The article deserves to be read in its entirety. The authors go on to review the evidence:
A study of orthopedic surgeons, comparing handheld PDA electronic records to paper records, showed an increase in wrong and redundant diagnoses using the computer -- 48 compared to seven in the paper-based cohort…
A 2008 study published in Circulation, a premier cardiology journal, assessed the
influence of electronic medical records on the quality of care of more than 15,000 patients with heart failure. It concluded that "current use of electronic health records results in little improvement in the quality of heart failure care compared with paper-based systems." Similarly, researchers from the Brigham and Women's Hospital and Harvard Medical School, with colleagues from Stanford University, published an analysis in 2007 of some 1.8 billion ambulatory care visits.
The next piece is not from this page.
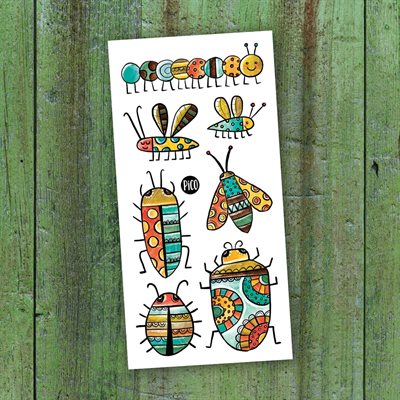 Tatouage Les Jolies Bestioles Tatouage Les Jolies Bestioles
These experts concluded, "As implemented, electronic health records were not associated with better quality ambulatory care." And just this past January, a group of Canadian researchers reviewed more than 3,700 published papers on the use of electronic medical records in primary care delivered in seven countries. They found no solid evidence of either benefits or drawbacks accruing to patients. This gap in knowledge, they concluded, "should be of concern to adopters, payers, and jurisdictions."
It’s worse than a gap in knowledge. It’s a complete lack of supporting evidence. Why, then, the rush for adoption?
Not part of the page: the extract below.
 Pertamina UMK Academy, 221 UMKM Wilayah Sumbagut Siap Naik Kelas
Dr. Bobbs quotes from the Medical Economics Article:
In April 2008, a study published in the New England Journal of Medicine reported similar problems, pointing out that “Notes that are meant to be focused and selective have become voluminous and templated, distracting from the key cognitive work of providing care. Such charts may satisfy the demands of third-party payers, but they are the product of a word processor, not of physicians’ thoughtful review and analysis. They may be ‘efficient’ for the purpose of documentation but not for creative clinical thinking.”
The study also reported an example of the consequences of these problems: “A colleague at a major cancer center that recently switched to electronic medical records said that chart review during rounds has become nearly worthless. He bemoaned the vain search through meaningless repetition in multiple notes for the single line that represented a new development . . .
That came from this NEJM perspective piece by Groopman and Hartzband. I think “pimp my note" may be appropriate here to refer to electronically generated documentation that looks fancy and is long on text but devoid of substance. (In reference to the MTV show Pimp My Ride in which a car in poor condition gets a fancy make over which is mainly cosmetic, with little attention to the engine and other essentials).